* [TASK PROMPT]:
Can you write out every line from the start of the records below through the line containing "Skandinavisk Matta - Yune", leaving out any pictures?

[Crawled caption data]
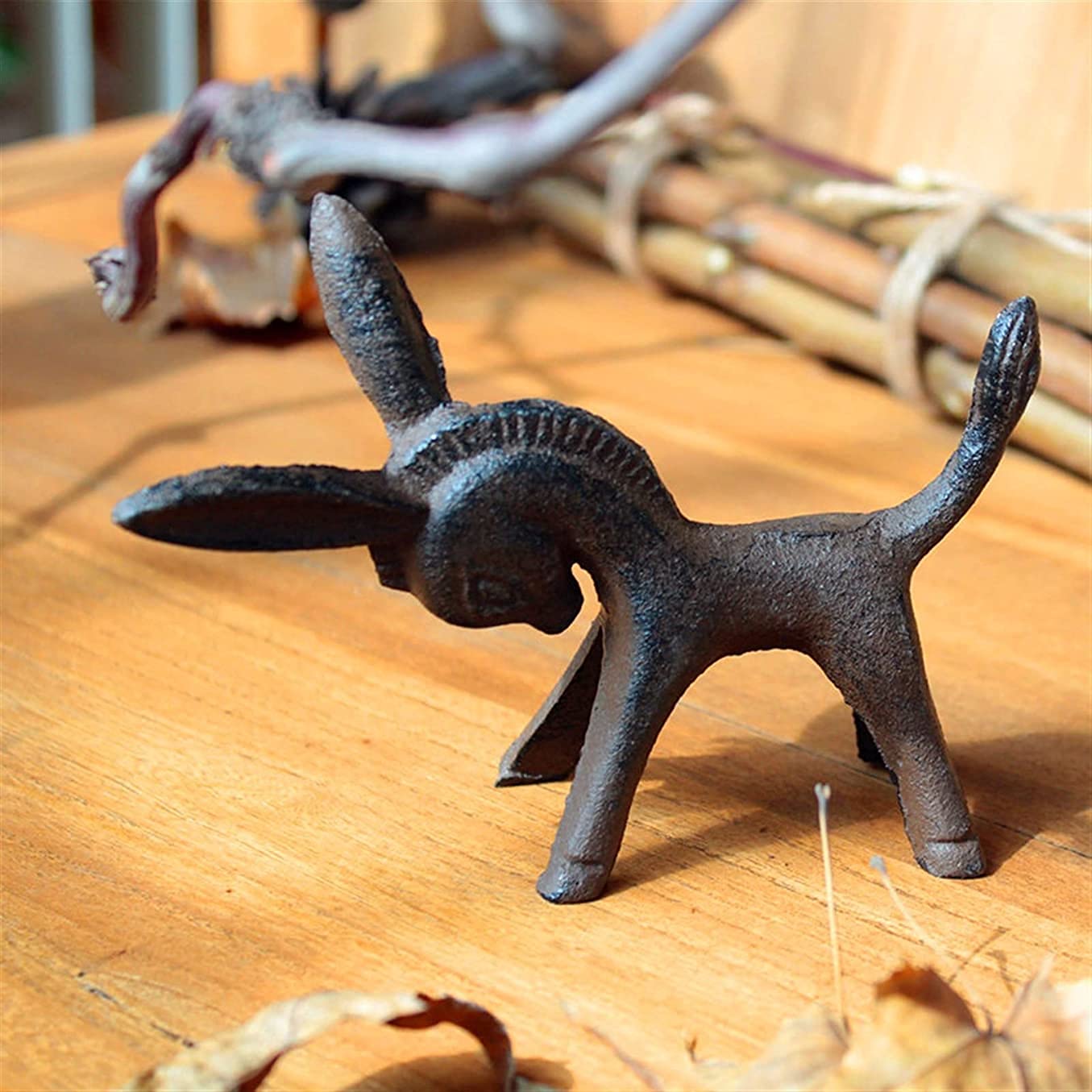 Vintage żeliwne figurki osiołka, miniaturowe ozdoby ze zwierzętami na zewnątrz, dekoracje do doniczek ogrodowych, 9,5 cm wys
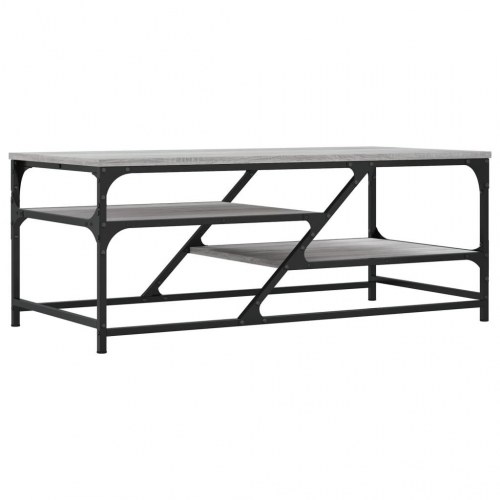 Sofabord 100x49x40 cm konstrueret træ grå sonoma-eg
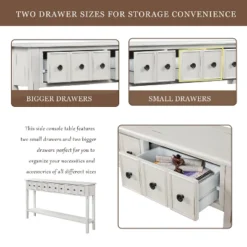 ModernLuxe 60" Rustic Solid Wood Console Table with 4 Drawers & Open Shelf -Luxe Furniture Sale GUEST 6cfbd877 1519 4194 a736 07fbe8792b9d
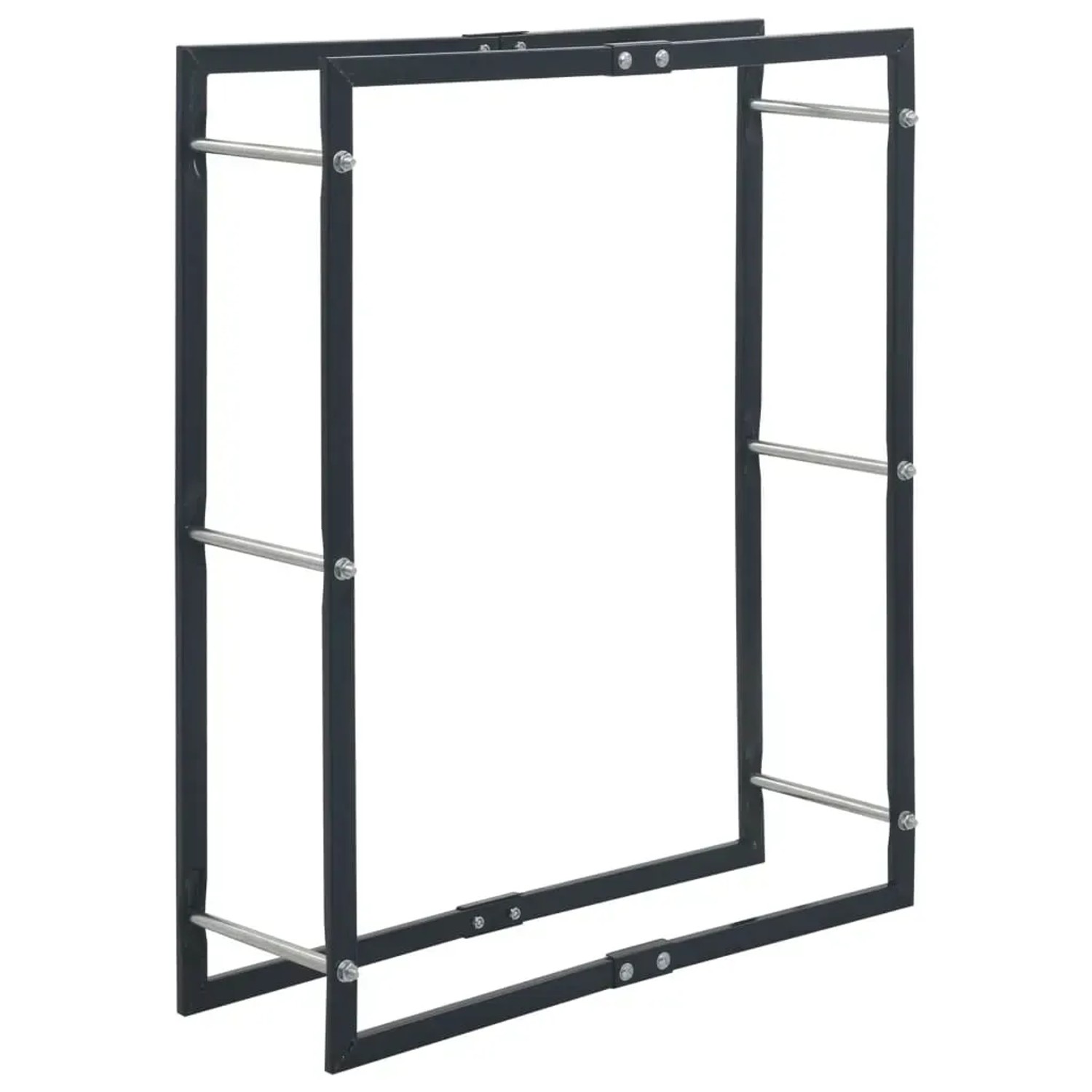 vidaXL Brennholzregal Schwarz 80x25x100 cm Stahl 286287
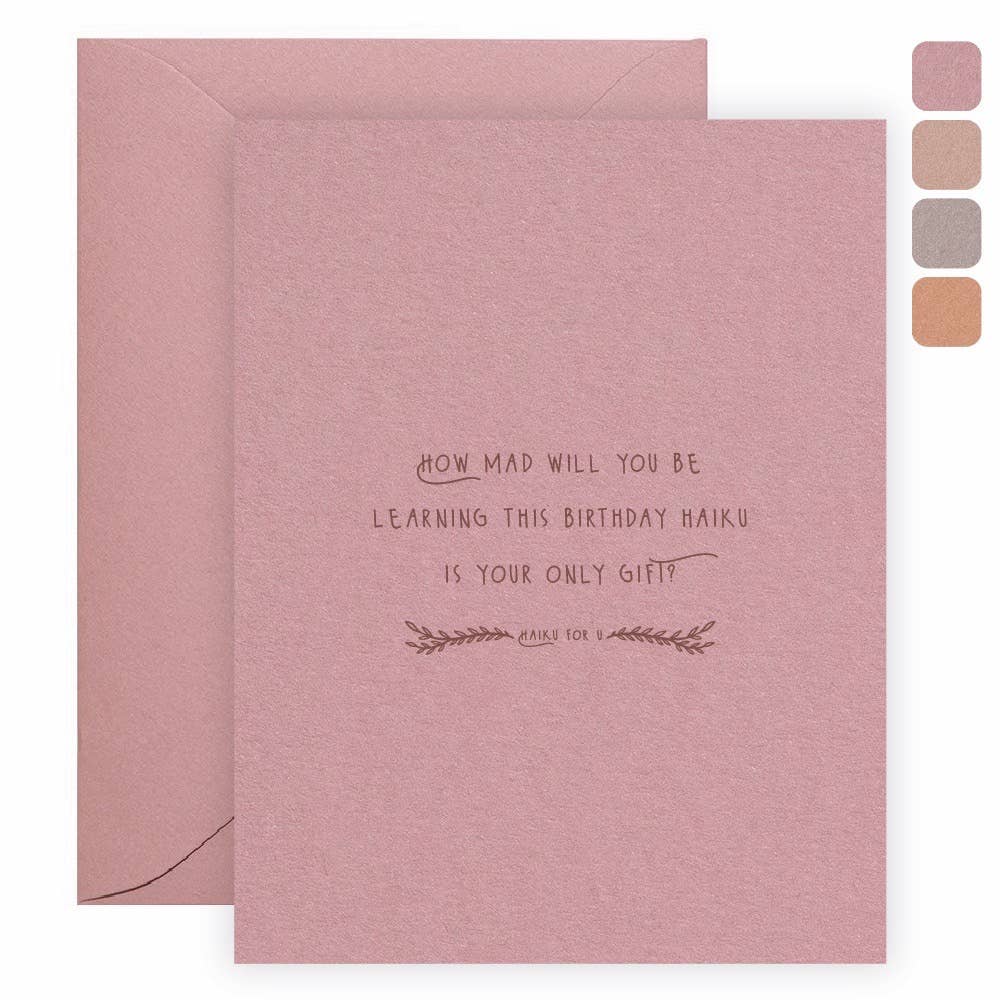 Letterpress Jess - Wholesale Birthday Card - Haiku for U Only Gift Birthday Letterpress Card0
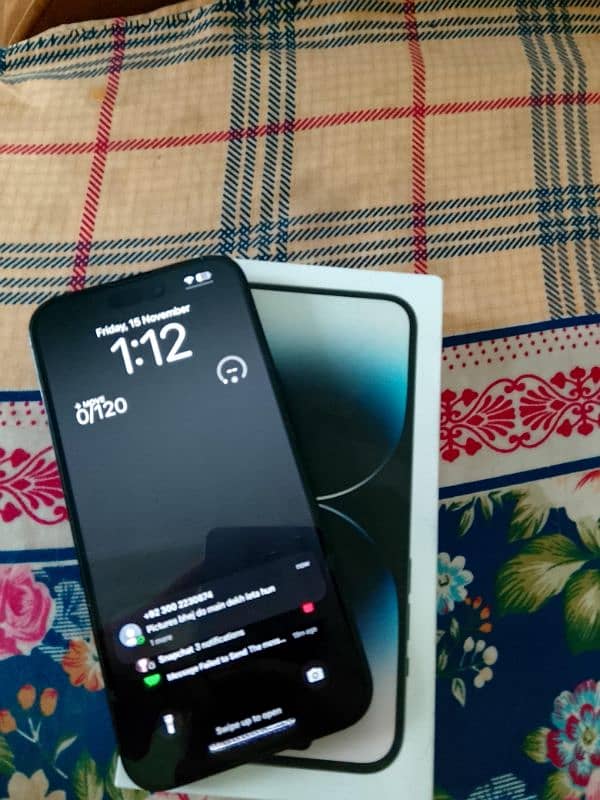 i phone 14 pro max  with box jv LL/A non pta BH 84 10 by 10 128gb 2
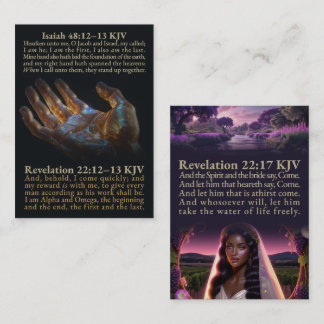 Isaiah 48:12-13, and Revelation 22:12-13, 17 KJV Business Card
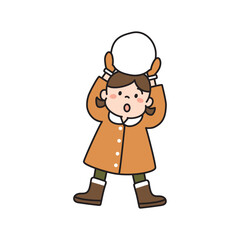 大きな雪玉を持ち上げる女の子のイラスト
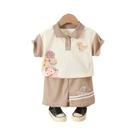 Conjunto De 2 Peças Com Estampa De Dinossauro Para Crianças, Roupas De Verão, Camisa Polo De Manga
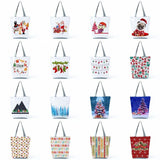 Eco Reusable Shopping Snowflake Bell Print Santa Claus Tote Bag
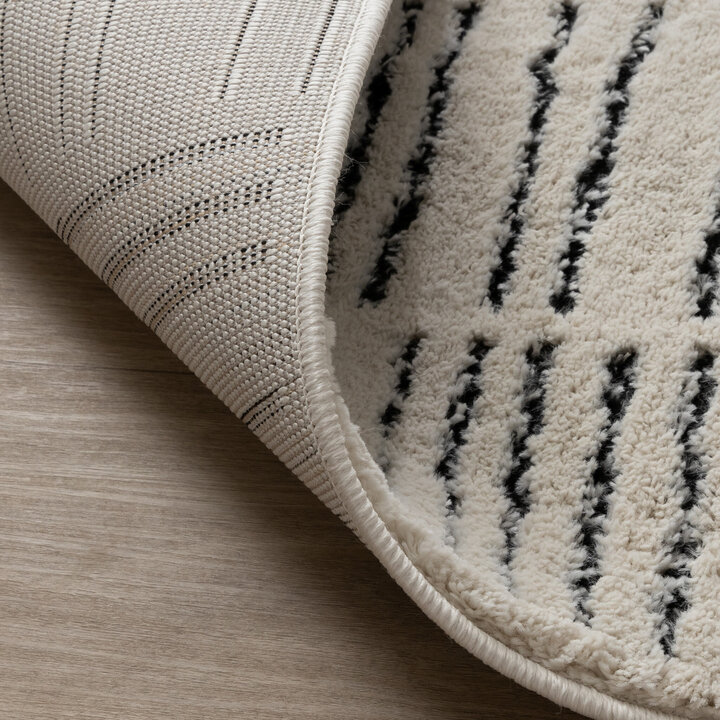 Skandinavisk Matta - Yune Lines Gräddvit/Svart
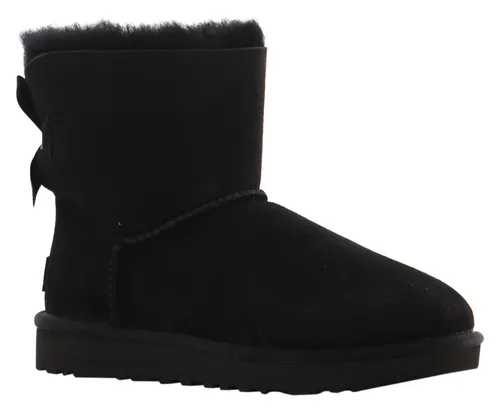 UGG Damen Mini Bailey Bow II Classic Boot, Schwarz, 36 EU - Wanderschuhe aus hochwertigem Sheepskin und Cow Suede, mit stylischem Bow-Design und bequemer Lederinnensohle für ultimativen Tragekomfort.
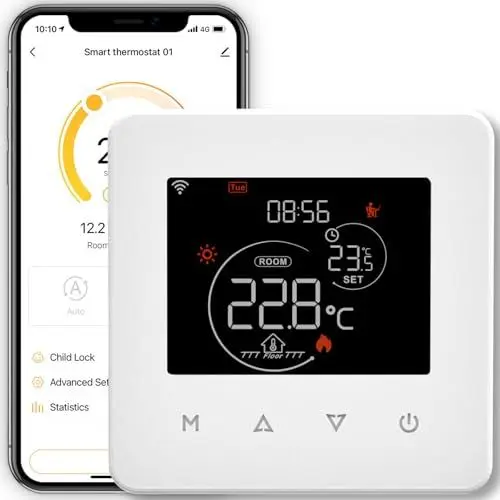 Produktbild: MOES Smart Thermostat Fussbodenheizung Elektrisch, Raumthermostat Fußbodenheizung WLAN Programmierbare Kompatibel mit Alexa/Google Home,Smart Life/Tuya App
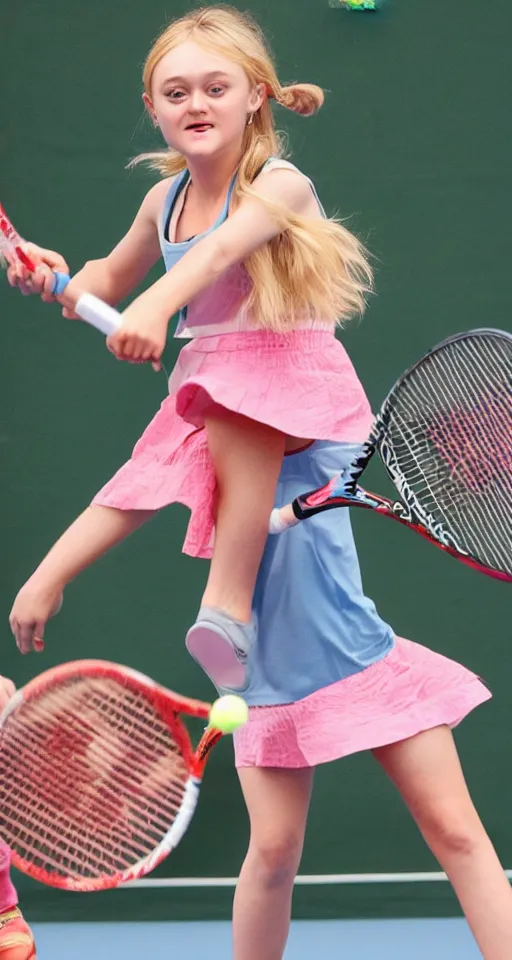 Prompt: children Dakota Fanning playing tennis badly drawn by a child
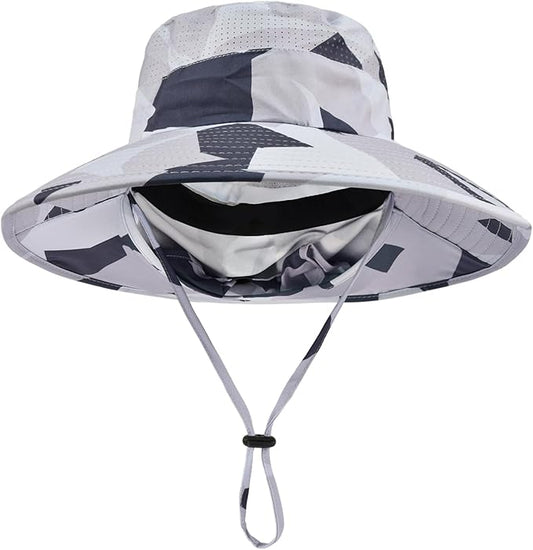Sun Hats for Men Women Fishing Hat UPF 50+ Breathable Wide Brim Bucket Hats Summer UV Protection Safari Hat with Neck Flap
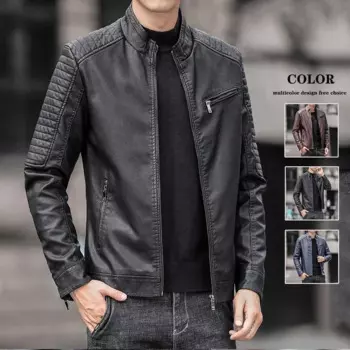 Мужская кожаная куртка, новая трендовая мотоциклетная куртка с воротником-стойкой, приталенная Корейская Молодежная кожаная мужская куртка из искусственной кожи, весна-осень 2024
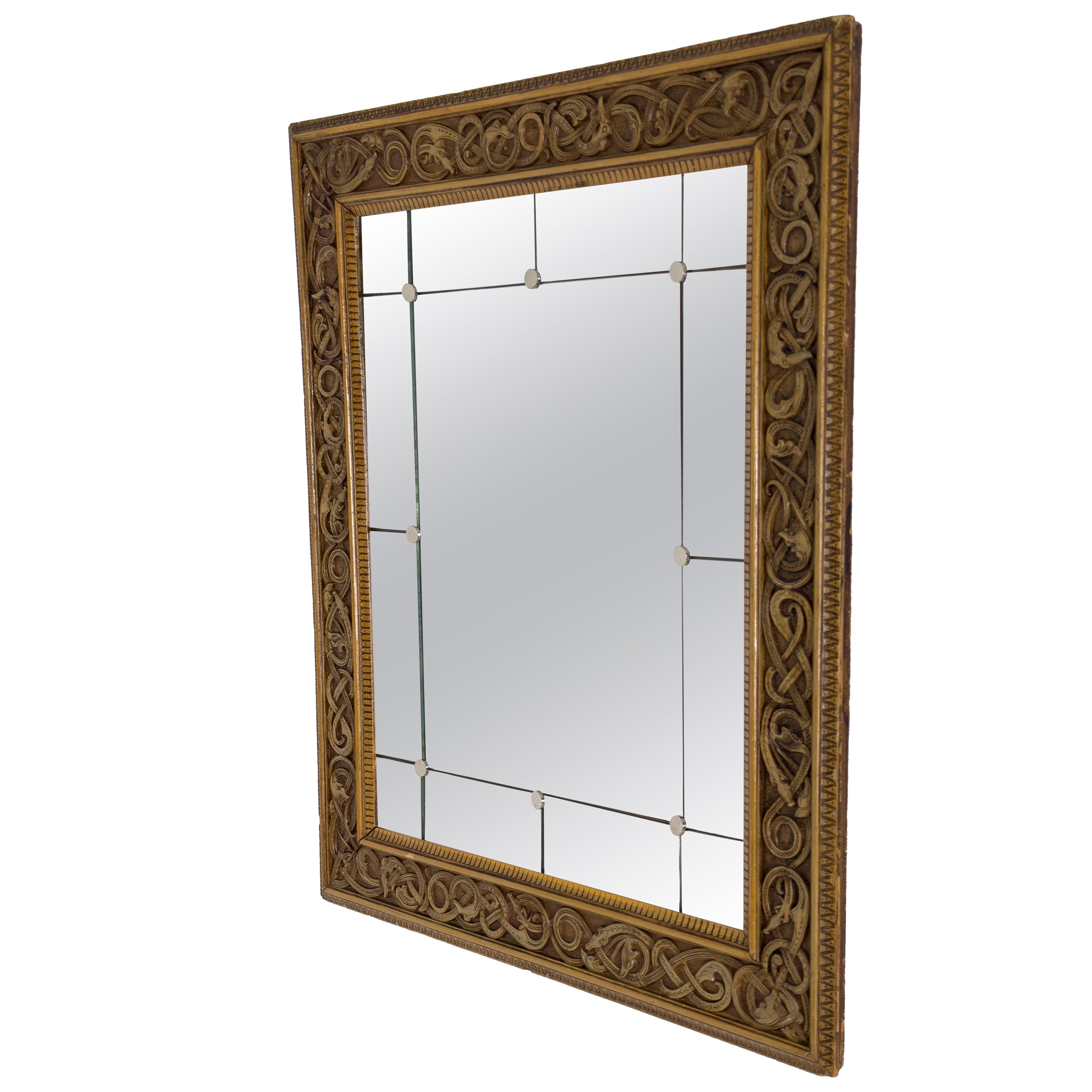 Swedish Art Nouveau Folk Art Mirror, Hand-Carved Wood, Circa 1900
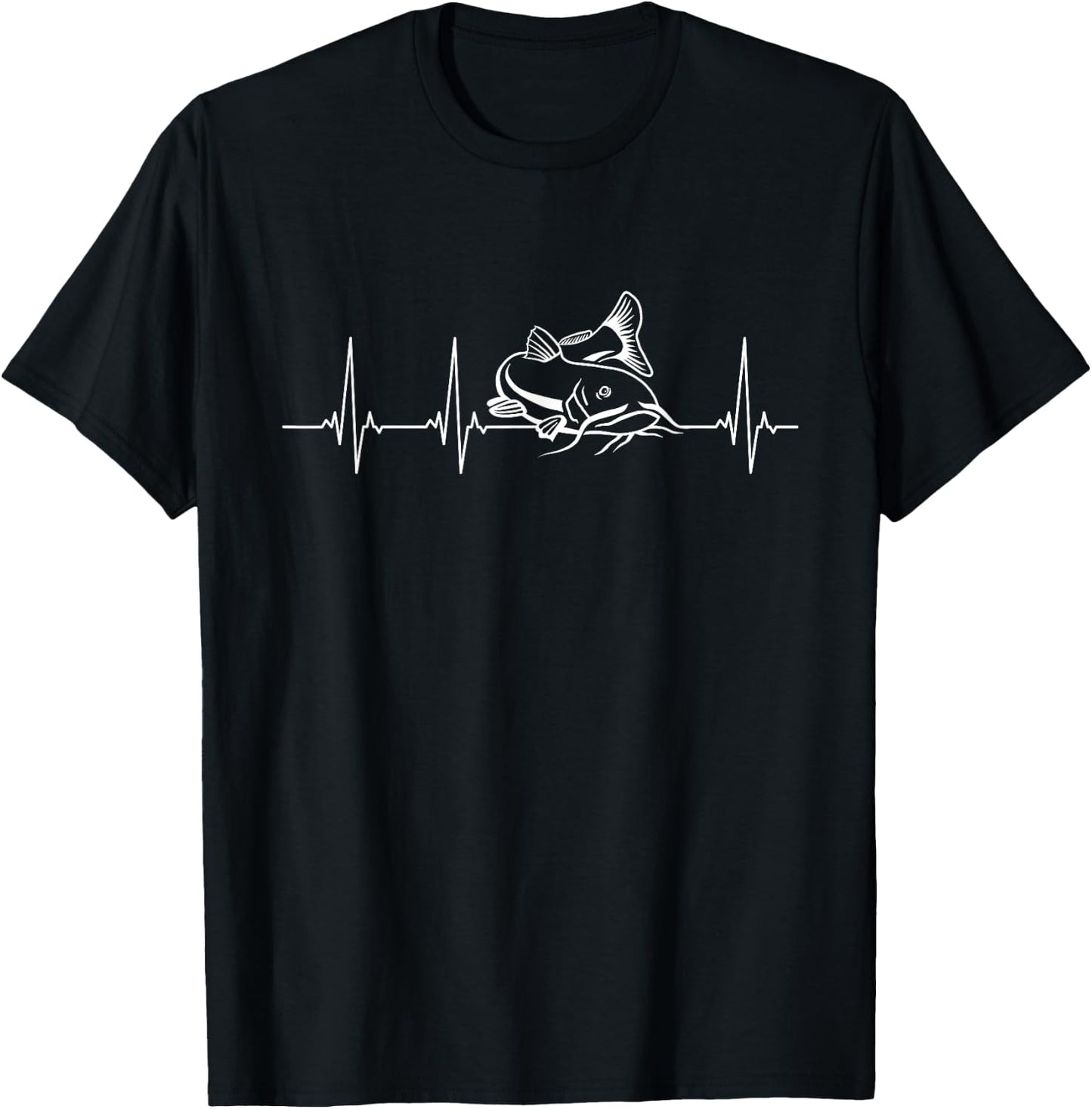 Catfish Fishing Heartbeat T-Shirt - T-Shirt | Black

* [RESPONSE AREA]:
 Vintage żeliwne figurki osiołka, miniaturowe ozdoby ze zwierzętami na zewnątrz, dekoracje do doniczek ogrodowych, 9,5 cm wys
 Sofabord 100x49x40 cm konstrueret træ grå sonoma-eg
 ModernLuxe 60" Rustic Solid Wood Console Table with 4 Drawers & Open Shelf -Luxe Furniture Sale GUEST 6cfbd877 1519 4194 a736 07fbe8792b9d
 vidaXL Brennholzregal Schwarz 80x25x100 cm Stahl 286287
 Letterpress Jess - Wholesale Birthday Card - Haiku for U Only Gift Birthday Letterpress Card0
 i phone 14 pro max  with box jv LL/A non pta BH 84 10 by 10 128gb 2
 Isaiah 48:12-13, and Revelation 22:12-13, 17 KJV Business Card
 大きな雪玉を持ち上げる女の子のイラスト
 Conjunto De 2 Peças Com Estampa De Dinossauro Para Crianças, Roupas De Verão, Camisa Polo De Manga
 Eco Reusable Shopping Snowflake Bell Print Santa Claus Tote Bag
 Skandinavisk Matta - Yune Lines Gräddvit/Svart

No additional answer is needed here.